Enam Tersangka Belum Ditahan, Pelapor Kirim Permohonan Resmi ke Polres Trenggalek

25/02/2026, Februari 25, 2026

 

BeritaWarga.Net | Trenggalek — Desakan agar aparat penegak hukum segera melakukan penahanan terhadap para tersangka dalam perkara dugaan tindak pidana terhadap anak kian menguat. Kuasa hukum pelapor secara resmi melayangkan surat permohonan penahanan kepada Polres Trenggalek (25/2).


Berdasarkan salinan surat yang diterima redaksi, permohonan tersebut diajukan oleh tim penasihat hukum dari Kantor Advokat Billy Nobile & Associates, yakni Mohamad Ababil Mujaddidyn, S.Sy., M.H., C.L.A. dan Burhanuddin Jabbar, S.H., selaku kuasa hukum Khusnul Khotimah.


Ditemui awak media di kediamannya Rabu 25-2-2026 pelapor Khusnul Khotimah menyampaikan bahwa dirinya bersama kuasa hukum telah mengambil langkah aktif dengan mendatangi kantor kepolisian untuk meminta kejelasan.


“Kami sudah menyampaikan surat resmi agar dilakukan penahanan.
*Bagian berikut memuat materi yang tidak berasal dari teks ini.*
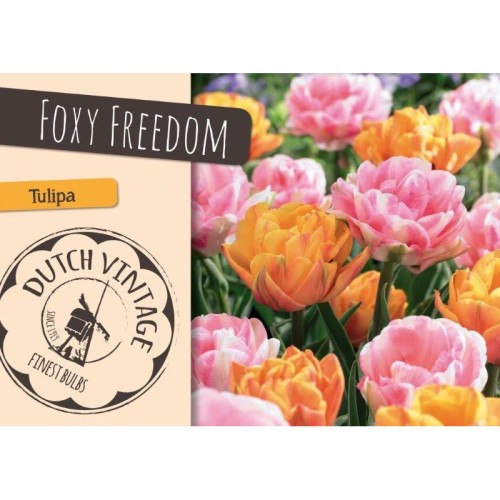 Tulipanløg - Blanding Foxy Freedom - 15 Løg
Harapan kami sederhana, ada kepastian hukum dan rasa keadilan,” ujarnya.


Menurut Khusnul, langkah tersebut diambil karena hingga saat ini enam orang yang telah ditetapkan sebagai tersangka belum juga dilakukan penahanan, sementara proses hukum masih berjalan di tahap pemberkasan.
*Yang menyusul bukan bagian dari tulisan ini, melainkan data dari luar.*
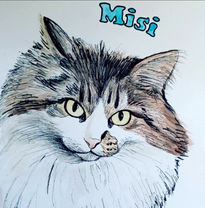 Misi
Penasihat hukum Khusnul mendatangi Polres Trenggalek dan bertemu langsung dengan Kasatreskrim, Eko Widiantoro, untuk menyampaikan surat permohonan penahanan.


Dalam pertemuan tersebut, pihak kepolisian menyampaikan sejumlah alasan mengapa penahanan belum dilakukan terhadap para tersangka.


Pertama, penyidik menyebut perkara tersebut akan segera dilimpahkan untuk disidangkan setelah berkas dinyatakan lengkap (P21).


“Kami mendapat penjelasan bahwa prosesnya akan segera masuk tahap persidangan, sehingga saat ini fokus pada penyelesaian berkas,” ungkap penasihat hukum pelapor.


Kedua, enam orang tersangka yang statusnya telah dinaikkan dinilai kooperatif selama proses penyidikan berlangsung.


“Penyidik menyampaikan bahwa para tersangka kooperatif, hadir saat dipanggil, dan tidak mempersulit proses pemeriksaan,” tambahnya.


Ketiga, terkait kekhawatiran salah satu tersangka berinisial D yang dikabarkan berencana ke luar negeri, Kanit PPA Polres Trenggalek, Norman, disebut menyatakan kesiapannya memberikan jaminan.


“Kalau sampai tersangka berangkat ke luar negeri, Kanit PPA menyatakan berani menjamin,” ujar penasihat hukum menirukan pernyataan dalam percakapan tersebut.



Meski demikian, pihak pelapor tetap menyampaikan kekhawatiran apabila tersangka benar-benar meninggalkan wilayah hukum sebelum proses persidangan dimulai.


Kuasa hukum pelapor menilai, dengan telah ditetapkannya status tersangka, sudah terdapat alat bukti yang cukup sehingga langkah penahanan dinilai relevan untuk menjamin proses hukum berjalan efektif.


“Kami mengajukan permohonan resmi agar dilakukan penahanan demi kepastian hukum serta menghindari potensi tersangka melarikan diri,” ujar penasihat hukum saat ditemui usai mendatangi Mapolres.


Dalam praktik hukum, penahanan memang menjadi kewenangan penyidik dengan mempertimbangkan sejumlah faktor, seperti potensi melarikan diri, menghilangkan barang bukti, atau mengulangi perbuatan. Sementara itu, langkah pencegahan seperti pencekalan ke luar negeri juga dapat dilakukan apabila dinilai diperlukan.


Khusnul berharap aparat penegak hukum dapat memberikan kepastian serta jaminan bahwa proses hukum berjalan tanpa hambatan.


“Saya hanya ingin proses ini benar-benar dikawal sampai tuntas. Jangan sampai ada celah yang membuat kami sebagai pelapor merasa tidak mendapatkan keadilan,” tegasnya.


Hingga berita ini diturunkan, proses pemberkasan perkara masih berlangsung. Pihak kepolisian menyatakan berkomitmen menyelesaikan berkas perkara agar segera dinyatakan lengkap oleh jaksa penuntut umum dan dapat dilimpahkan ke tahap persidangan.